Caminar por este camino me ha abierto más los ojos, mi lengua percibe más sabores, mi olfato distingue más olores, mis oídos se han agudizado y puedo percibir el aleteo de una mariposa que vuela al otro lado del río; mi tacto se ha sensibilizado tanto que cuando digo fuego siento que me estoy quemando. Es un coqueteo con la locura y a la vez el miedo de creer que estoy loco de verdad.

Me gusta la tristeza, a veces quisiera que la misma se pudiera comer. Me gusta la soledad porque es allí donde la poesía se desviste y me sonríe. No busco el dolor, pero los momentos duros me han fortalecido.

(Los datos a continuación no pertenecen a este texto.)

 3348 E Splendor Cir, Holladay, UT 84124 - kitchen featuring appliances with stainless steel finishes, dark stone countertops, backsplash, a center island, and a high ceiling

También he tenido crisis y he llegado al punto de odiar este oficio; en un arranque de rabia he deseado mandar todo a la mierda. Y cuando he querido huir la poesía me ha acariciado el corazón. Entonces me doy cuenta que ella es una necesidad, como el aire, como el agua, como una tortilla de maíz.

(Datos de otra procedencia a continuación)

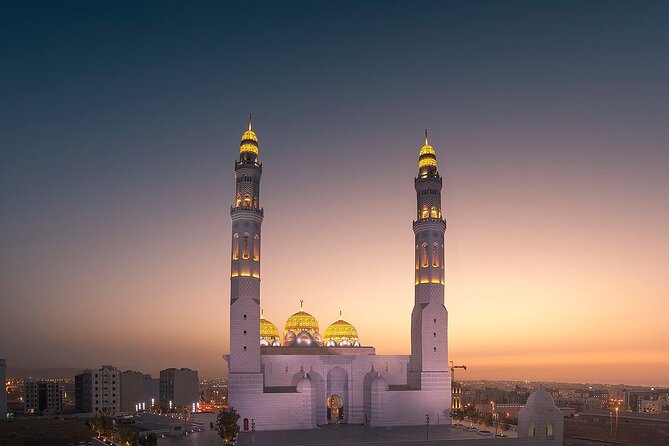 Half-Day Private Muscat City Tour 4 Hours - Qurum Beach: a change of pace on the coast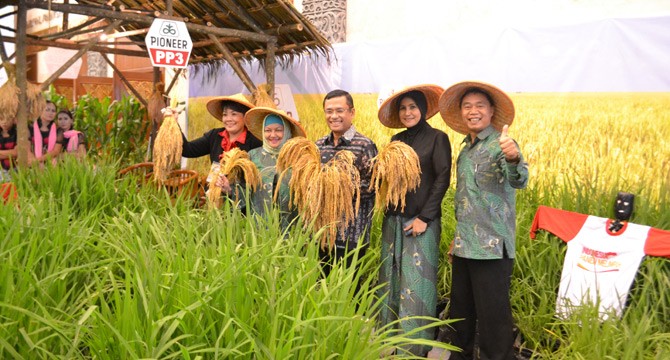 TINJAU PAMERAN - Menteri Perindustrian Saleh Husin didampingi Dirjen Industri Kecil Menengah Euis Saedah dan Ketua Panitia Agrinex 10th Rifda Ammarina meninjau pameran Agrinex 10th di Assembly Hall Jakarta Convention Center, 01 April 2016. (ist/tubasmedia.com)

Todo lo dicho no es ninguna novedad sino para mí, porque en esta insistencia de escribir a quien quiero encontrar es a mí mismo. La poesía siempre estará en su propio espacio, dispuesta a hablar en el sueño o en la vigilia. La poesía es el eco de la sombra de un pájaro que pasa volando al filo de la tarde. En fin, escribo para mí, río y lloro y a veces canto.

Quisiera ser

Sencillo como un árbol.

Aún menos,

Como una tabla.


Humberto Ak’abal©



Humberto Ak'abal nació en Momostenango, Totonicapán (Guatemala) en 1952. Ha publicado los siguientes libros de poemas: El animalero (1990), Guardián de la caída del agua (1993, galardonado con el Quetzal de oro por la Asociación de periodistas guatemaltecos), hojas del árbol pajarero (1995), Lluvia de luna en la cipresalada (1996), Ajkem Tzij - Tejedor de palabras (1996), Retoño salvaje (1997), Desnuda como la primera vez (1998) y Cinco puntos cardinales (1998). Ha recibido el Premio Internacional de Poesía "Blaise Cendrars" en Neuchâtel (Suiza) en 1997 y el Premio Continental "Canto de América" de la UNESCO en 1998.